Entries Tagged "spam"

Page 2 of 5

Cybercrime as a Tragedy of the Commons

Two very interesting points in this essay on cybercrime. The first is that cybercrime isn’t as big a problem as conventional wisdom makes it out to be.

We have examined cybercrime from an economics standpoint and found a story at odds with the conventional wisdom. A few criminals do well, but cybercrime is a relentless, low-profit struggle for the majority. Spamming, stealing passwords or pillaging bank accounts might appear a perfect business. Cybercriminals can be thousands of miles from the scene of the crime, they can download everything they need online, and there’s little training or capital outlay required. Almost anyone can do it.

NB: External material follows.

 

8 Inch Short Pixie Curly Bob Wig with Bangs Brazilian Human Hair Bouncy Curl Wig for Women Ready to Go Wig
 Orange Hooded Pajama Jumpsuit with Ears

Well, not really. Structurally, the economics of cybercrimes like spam and password-stealing are the same as those of fishing. Economics long ago established that common-access resources make for bad business opportunities. No matter how large the original opportunity, new entrants continue to arrive, driving the average return ever downward. Just as unregulated fish stocks are driven to exhaustion, there is never enough “easy money” to go around.

The second is that exaggerating the effects of cybercrime is a direct result of how the estimates are generated.

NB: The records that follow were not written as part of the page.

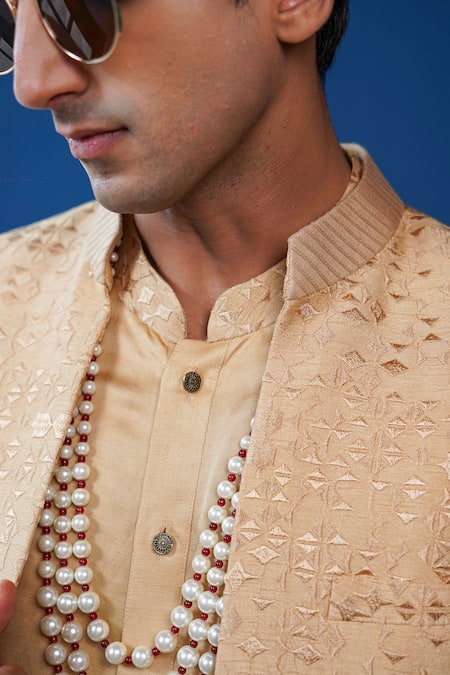 Buy_Philocaly_Beige Silk Embroidery Amber Open Indo Sherwani _Online_at_Aza_Fashions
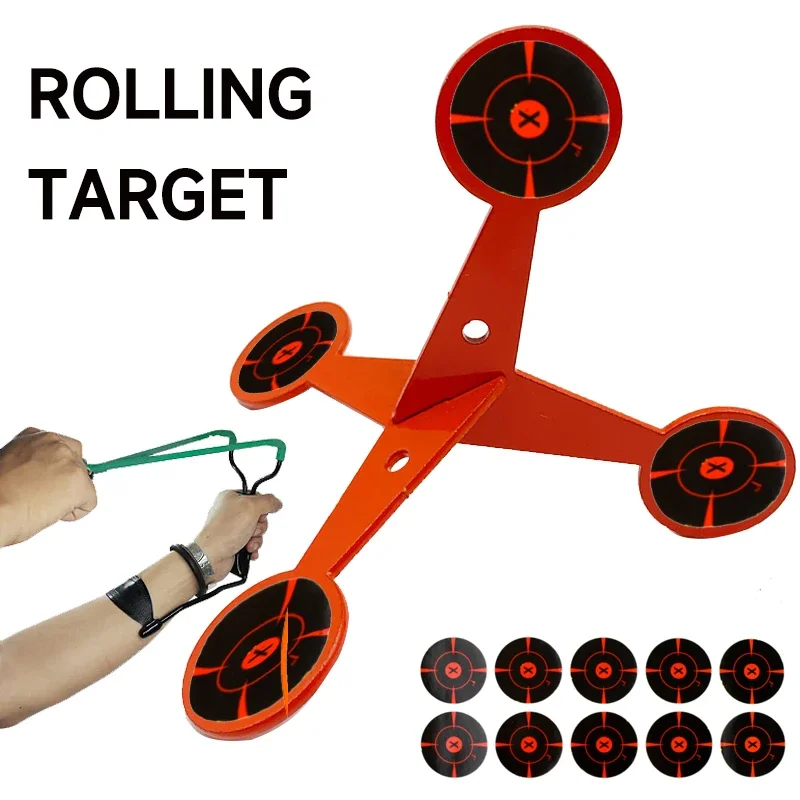 Rolling Target ‘Walk’ Rolling Target Set Hunting Shooting Metal Multi Sided Shooting  Simple Set Slingshot Pneumatic Accessory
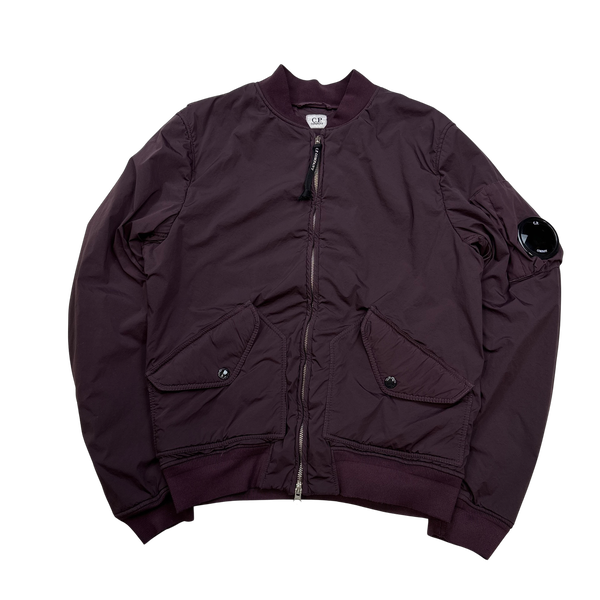 CP Company Dark Plum Fleece Lined Nycra Bomber Jacket - Large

For one thing, in numeric surveys, errors are almost always upward: since the amounts of estimated losses must be positive, there’s no limit on the upside, but zero is a hard limit on the downside. As a consequence, respondent errors –­ or outright lies — cannot be canceled out. Even worse, errors get amplified when researchers scale between the survey group and the overall population.

Suppose we asked 5,000 people to report their cybercrime losses, which we will then extrapolate over a population of 200 million. Every dollar claimed gets multiplied by 40,000. A single individual who falsely claims $25,000 in losses adds a spurious $1 billion to the estimate. And since no one can claim negative losses, the error can’t be canceled.

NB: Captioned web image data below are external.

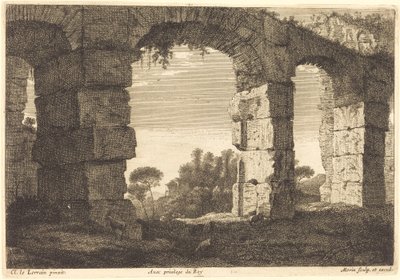 Rovine di un acquedotto da Jean Morin after Claude Lorrain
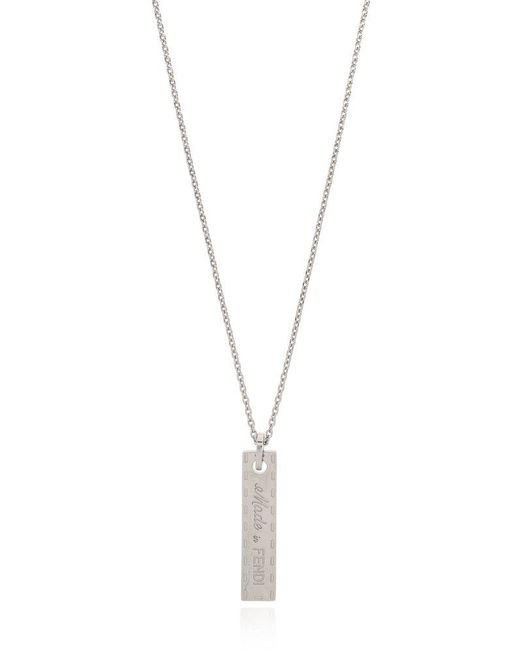 Fendi White Made In Necklace for men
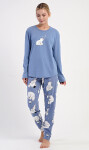 Dámske dlhé pyžamo Medveď a tučniak modrošedá S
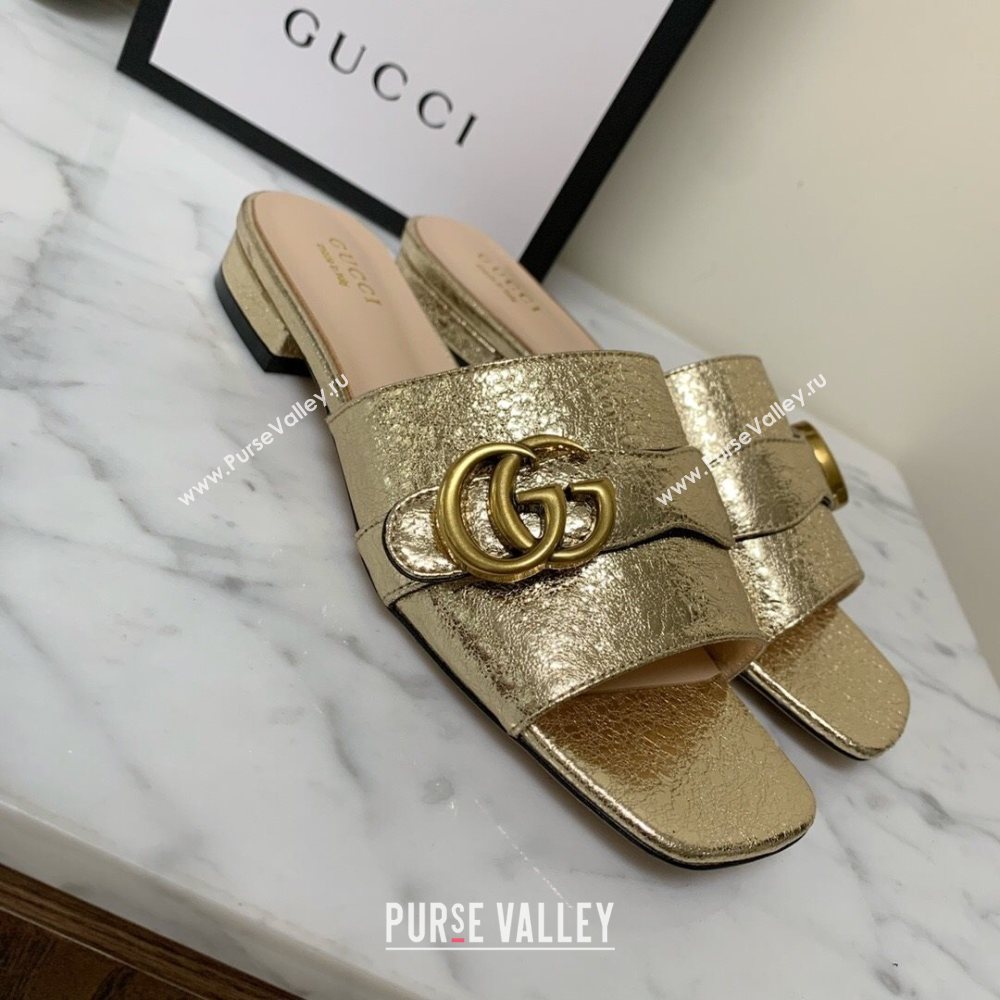 Gucci Leather Double G Flat Slide Sandals Gold 2021 (MD-21010664)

A cybercrime where profits are slim and competition is ruthless also offers simple explanations of facts that are otherwise puzzling. Credentials and stolen credit-card numbers are offered for sale at pennies on the dollar for the simple reason that they are hard to monetize. Cybercrime billionaires are hard to locate because there aren’t any. Few people know anyone who has lost substantial money because victims are far rarer than the exaggerated estimates would imply.

Posted on May 2, 2012 at 7:10 AMView Comments

Spam as a Business

Interesting research: Kirill Levchenko, et al. (2010), “Click Trajectories — End-to-End Analysis of the Spam Value Chain,” IEEE Symposium on Security and Privacy 2011, Oakland, California, 24 May 2011.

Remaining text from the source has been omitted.